- Given records:
◆ ◆ ◆ ◆

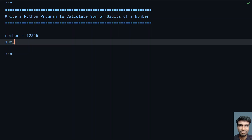Let's take another variable, sum of digits. Now let me take each and every individual digit, that is 1 plus 2 plus 3 plus 4 plus 5. This equals to: 1 plus 2 plus 3 is 6, 6 plus 4 is 10, 10 plus 5 is 15. So the sum of digits is 15.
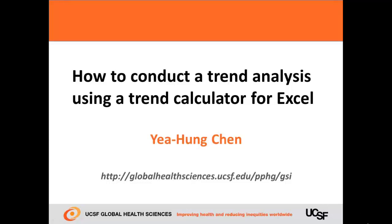Hi, my name is Yehung Chen. I'm with the University of California, San Francisco, Global Health Sciences. In this video,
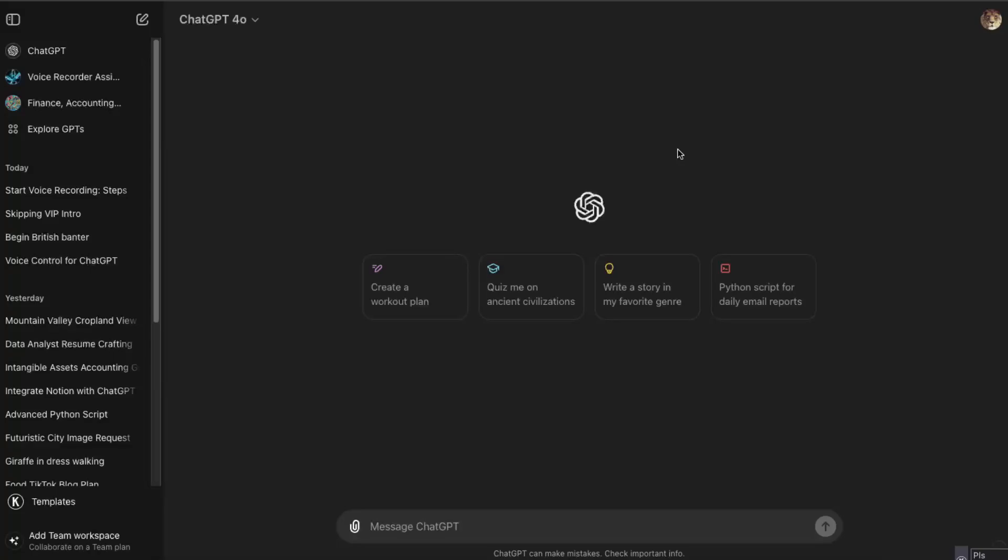Hello guys, in today's video I'm going to show you how you can enable voice assistant on ChatGPT if you are using Windows or a desktop version.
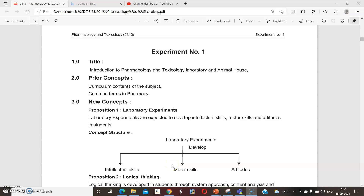Dear students, a very warm welcome to one and all. Today we will discuss a new practical-oriented topic related to the subject pharmacology and toxicology. We will start the first experiment, which is an introduction to pharmacology and toxicology.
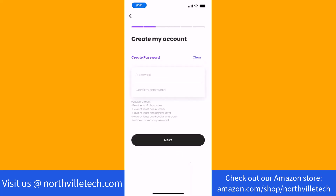Next, create a password. On the first field, enter the password you wish to use. Then enter it again on the second field to confirm.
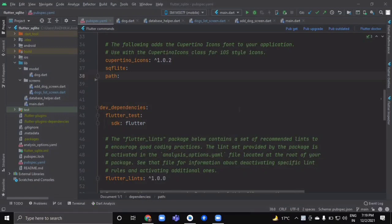Hello everyone and welcome back. In this video we are going to explore one more local database storage option, that is SQLite. We are going to create a simple dog database which will store dog name and its age using the SQLite package.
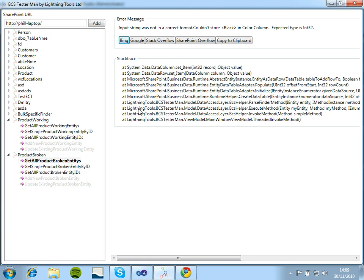So I hope you will find this tool useful. We certainly have whilst developing BCS Metaman. If you have any feedback, we'd love to hear it at support at lightningtools.com and thank you very much for watching.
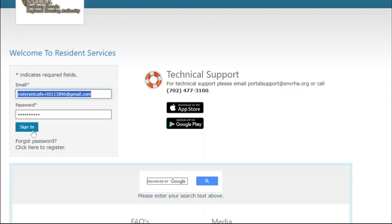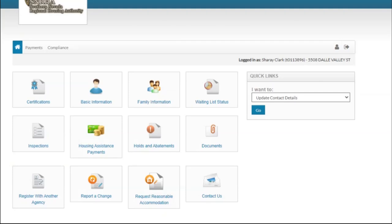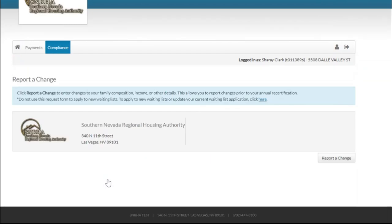It is your responsibility to maintain up-to-date information about your household on RentCafe. To update your information, log in to the RentCafe portal and click on Report a Change. You can update your household composition or income on your computer or your mobile device 24-7.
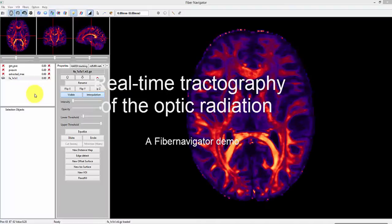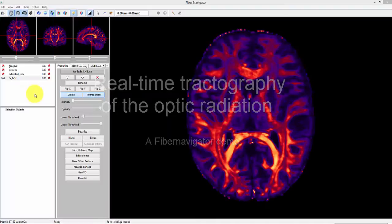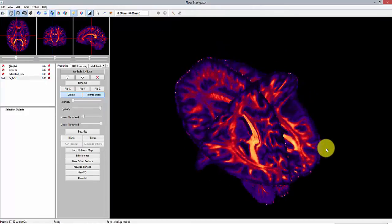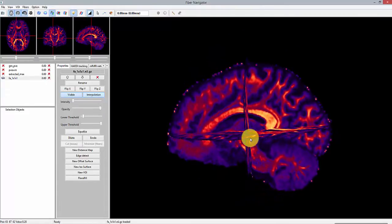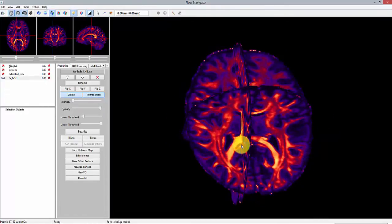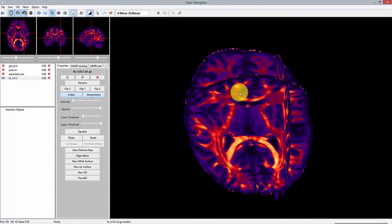Hi, this tutorial shows how to perform real-time tractography of the optic radiation using the fiber navigator. We're going to be using the human connectome data.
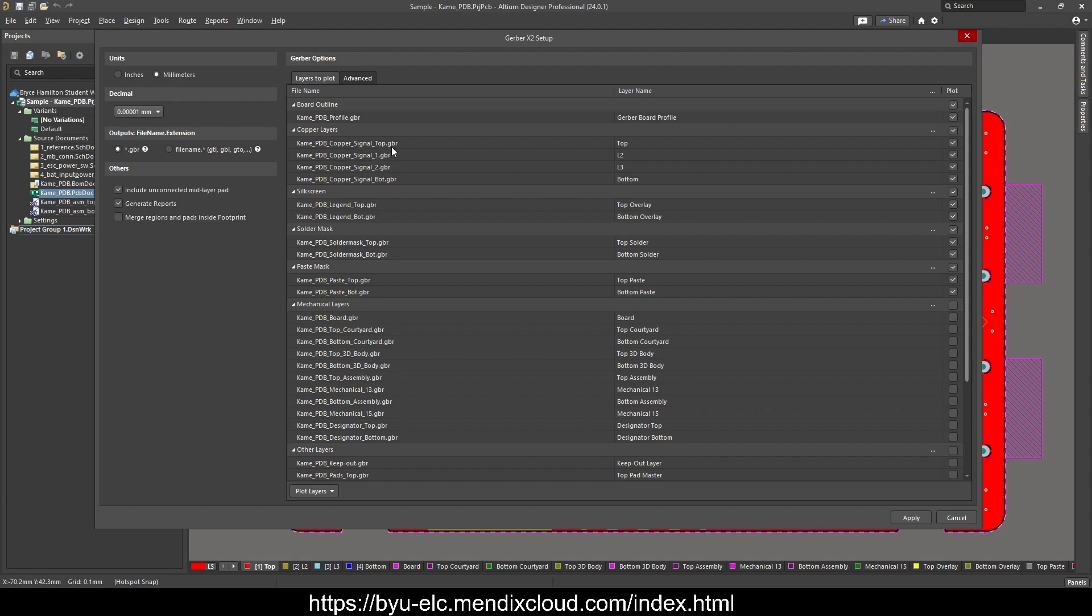The top or the bottom are the layers that actually have all the routing information. We can only do single or double-sided boards in the shop. If you want a silkscreen, which is the layer that actually tells you which component is which before you've soldered them on, you're welcome to include the legend.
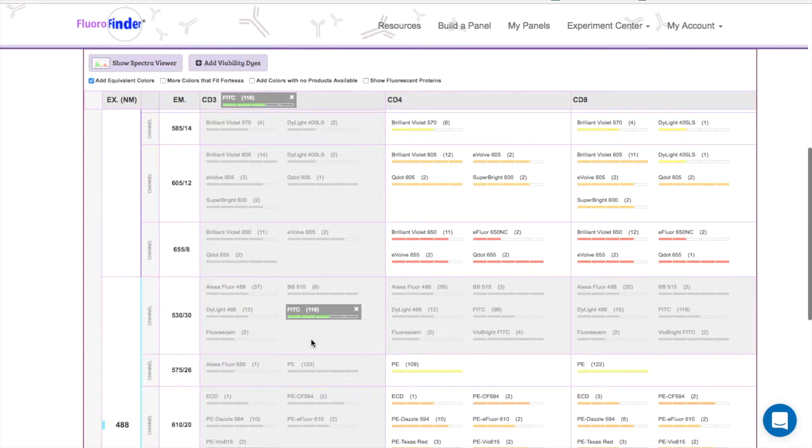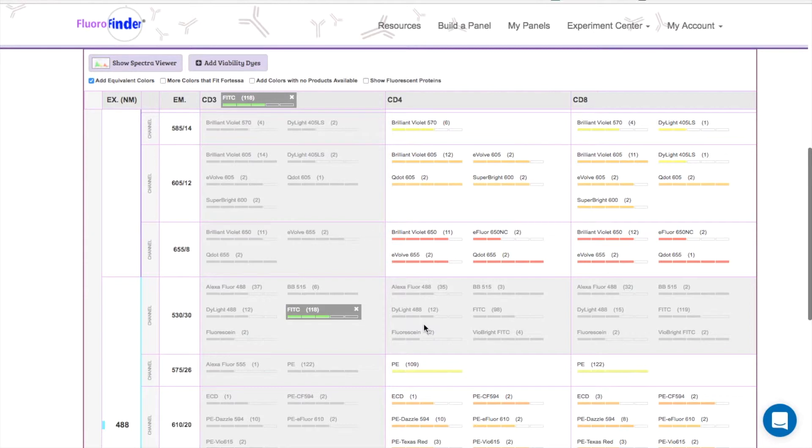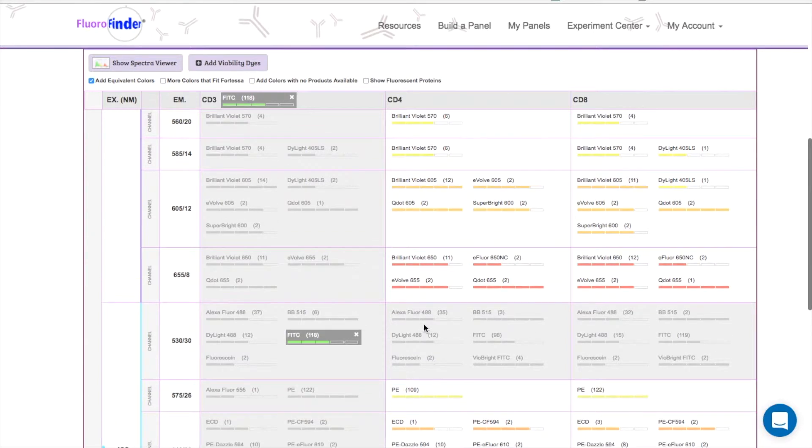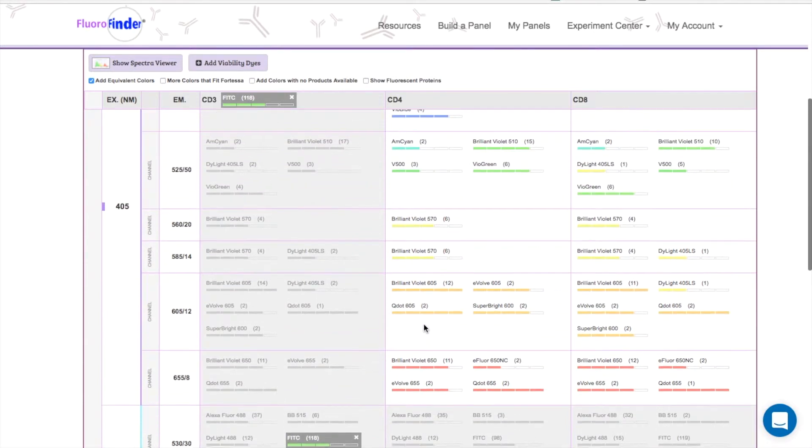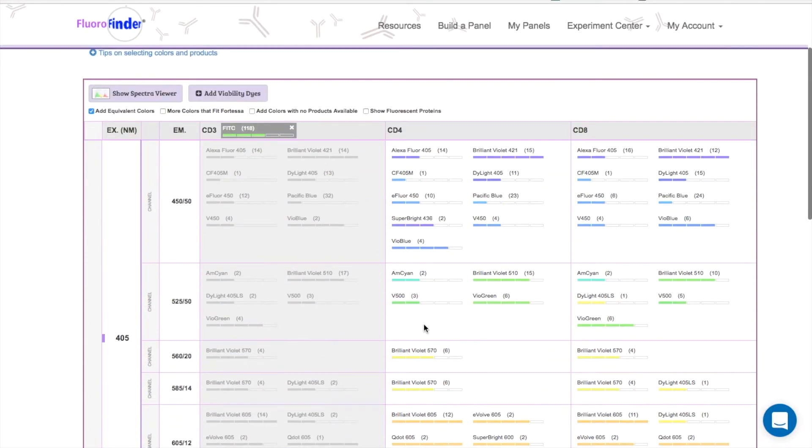You'll see that Fluorofinder has done something nice for us. First, it has blocked out all of the products for this channel. If you're new to Flow, you might not be aware that FITC and Alexa Fluor 488 are very similar. This feature prevents you from selecting equivalent colors that would be picked up by the same detector.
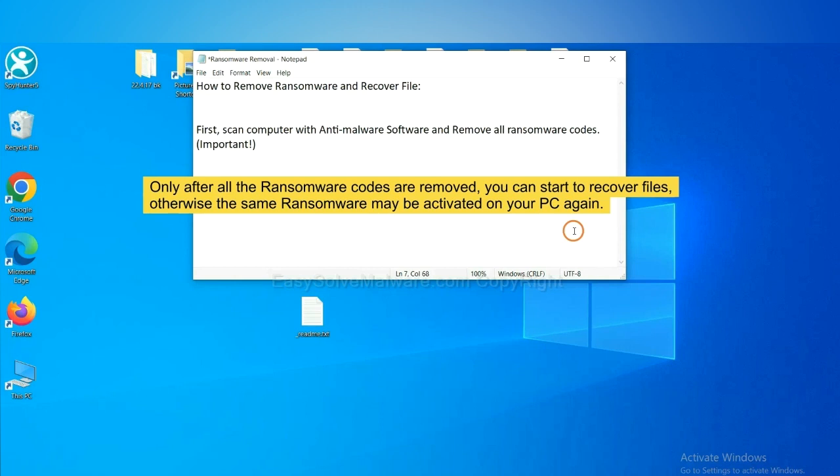To remove digital ransomware, first we need to use professional anti-malware to scan your computer and then remove all the ransomware cores. This is important because the cores might activate the ransomware sooner or later if you do not remove all of them. So we are going to use SpyHunter 5 to scan your computer.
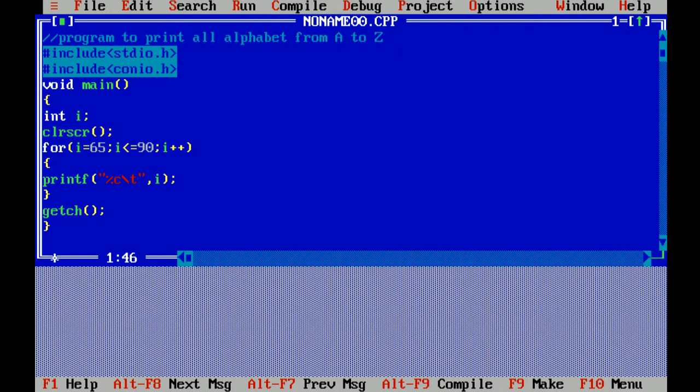That's why I have mentioned in the initialization 65. Less than equals to 90. Every time the value of I will increase.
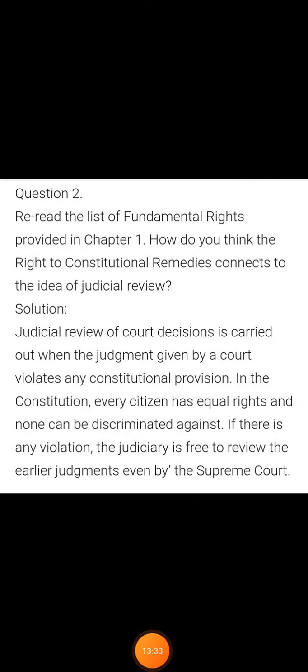The second question: how does the right to constitutional remedies connect to judicial review? Judicial review of court decisions is carried out when the judgment given by a court violates any constitutional provision. Every citizen has equal rights and none can be discriminated against. If there is any violation, the judiciary is free to review the earlier judgment, even one given by the Supreme Court.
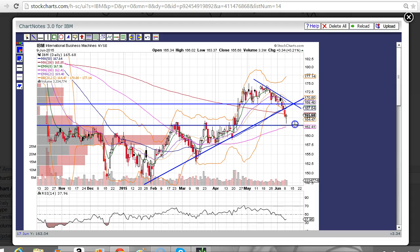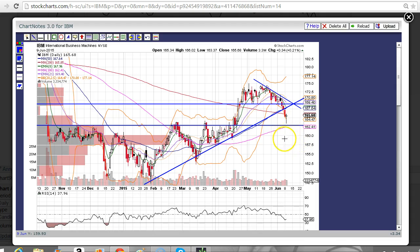I think we're going to tag this level right here, and as you can see on the volume by price, there's some major support down here at the 158 to 160 zone. That's a must-hold zone for IBM, but we'll keep you updated as the chart progresses.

◆ ◆ ◆ ◆

- What is required: When the line containing "You'll see that" is reached, write out that line and each one after it exactly, ending with the last line of the records; pictures are not copied.

- Result of the task:
You'll see that Fluorofinder has done something nice for us. First, it has blocked out all of the products for this channel. If you're new to Flow, you might not be aware that FITC and Alexa Fluor 488 are very similar. This feature prevents you from selecting equivalent colors that would be picked up by the same detector.
To remove digital ransomware, first we need to use professional anti-malware to scan your computer and then remove all the ransomware cores. This is important because the cores might activate the ransomware sooner or later if you do not remove all of them. So we are going to use SpyHunter 5 to scan your computer.
That's why I have mentioned in the initialization 65. Less than equals to 90. Every time the value of I will increase.
The second question: how does the right to constitutional remedies connect to judicial review? Judicial review of court decisions is carried out when the judgment given by a court violates any constitutional provision. Every citizen has equal rights and none can be discriminated against. If there is any violation, the judiciary is free to review the earlier judgment, even one given by the Supreme Court.
I think we're going to tag this level right here, and as you can see on the volume by price, there's some major support down here at the 158 to 160 zone. That's a must-hold zone for IBM, but we'll keep you updated as the chart progresses.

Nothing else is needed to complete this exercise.